STUDY DESIGN: Retrospective analysis of prospectively collected data.
OBJECTIVE: To identify modifiable factors associated with successful return to work 12 weeks following discectomy. Lumbar disc herniation is a common cause of sciatica and sick leave. This presents an economic burden to the individual and the society.
METHODS: Data from DaneSpine on a consecutive cohort of patients operated due to lumbar disc herniation during a 3-year period was identified and merged with data from the Ministry of Employment's register on public welfare payments. Data on welfare payments 2 years prior to the date of operation and 1 year postoperative was included. Patients were considered to be on sick leave if they received welfare payments for the week. Patients are considered to have returned to work if they did not receive public welfare payments for a 4-week period.
RESULTS: Of 1134 patients meeting inclusion criteria, 98.5% had complete preoperative surgical data available.
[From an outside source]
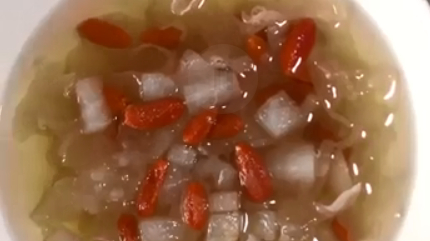 天气冷啦,前几天患了感冒的我给你们安利一个提高免疫力的汤食哦～ 保肝的银耳,润肺降火的雪梨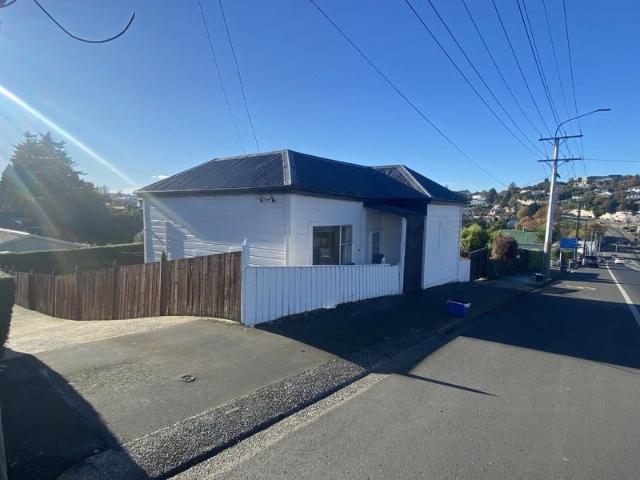 House for rent in Otakou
Postoperatively, 79.1% of the patients returned to the work within 12 weeks. Physically demanding jobs, low preoperative EQ5D score, and long duration of sick leave prior to surgery were associated negatively with return to work at 12 weeks.
CONCLUSION: The results of this study indicate that patients who have a longer duration of sick leave have a physically demanding job and are in a poor health are more likely not to return to work by 12 weeks after surgery for lumbar disc herniation. Future studies are needed to determine if earlier referral to a surgeon leads to an earlier return to work.